### The input
========================================================================

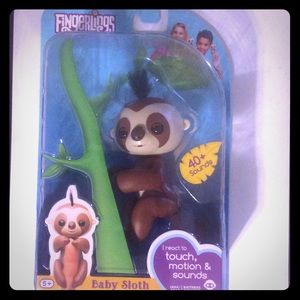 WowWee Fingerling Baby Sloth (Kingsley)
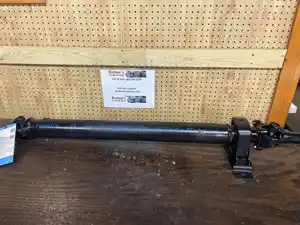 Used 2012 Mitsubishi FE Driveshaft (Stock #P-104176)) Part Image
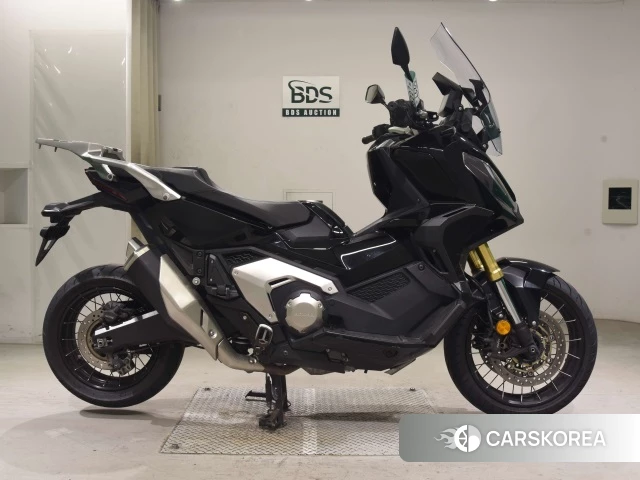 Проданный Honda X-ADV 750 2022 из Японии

========================================================================

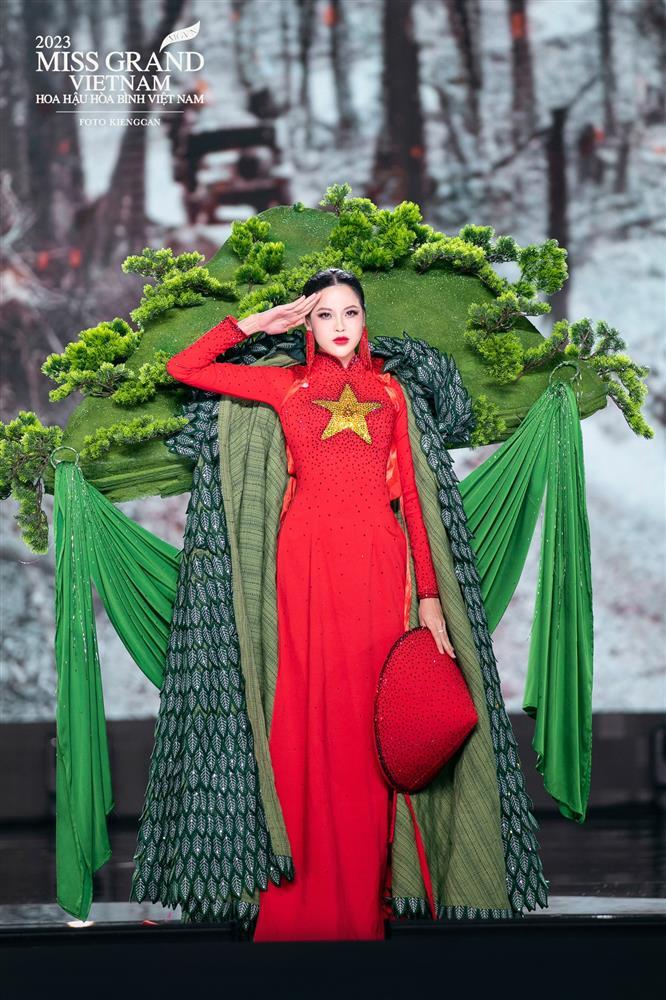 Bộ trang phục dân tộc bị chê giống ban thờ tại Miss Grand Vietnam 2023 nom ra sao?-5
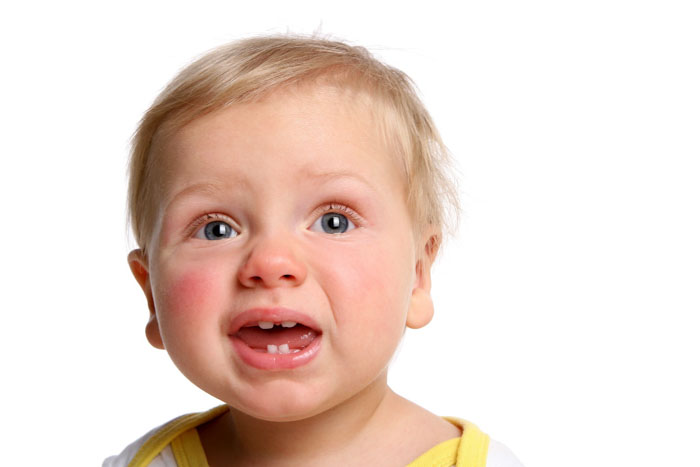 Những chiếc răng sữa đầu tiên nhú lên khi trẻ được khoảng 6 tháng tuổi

========================================================================

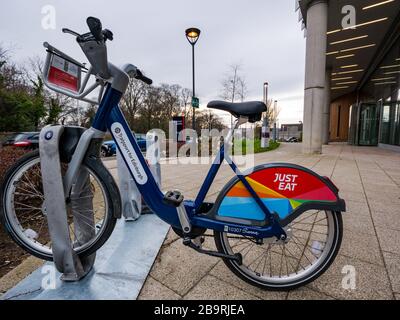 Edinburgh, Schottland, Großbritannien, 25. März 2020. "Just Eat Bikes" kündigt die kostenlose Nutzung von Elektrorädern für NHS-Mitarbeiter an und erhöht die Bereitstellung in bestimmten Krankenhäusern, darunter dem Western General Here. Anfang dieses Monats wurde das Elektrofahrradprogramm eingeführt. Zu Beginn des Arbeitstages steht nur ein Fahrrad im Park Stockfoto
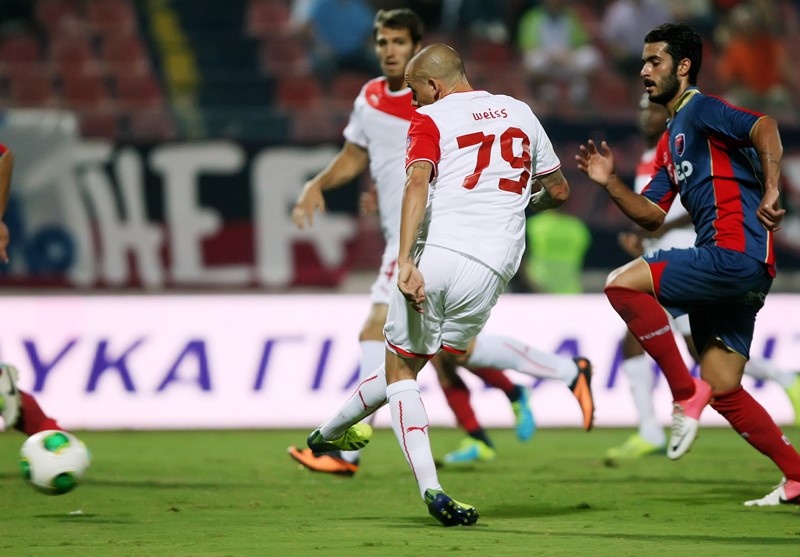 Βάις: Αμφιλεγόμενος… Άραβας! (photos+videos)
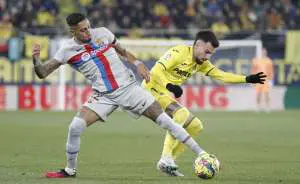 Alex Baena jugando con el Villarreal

========================================================================

### What you have to do
Only the lines above starting with the line with "Bộ trang phục" and going on through the line with "Những chiếc răng" belong in the answer; repeat them exactly, minus any picture.

### Written solution
 Bộ trang phục dân tộc bị chê giống ban thờ tại Miss Grand Vietnam 2023 nom ra sao?-5
 Những chiếc răng sữa đầu tiên nhú lên khi trẻ được khoảng 6 tháng tuổi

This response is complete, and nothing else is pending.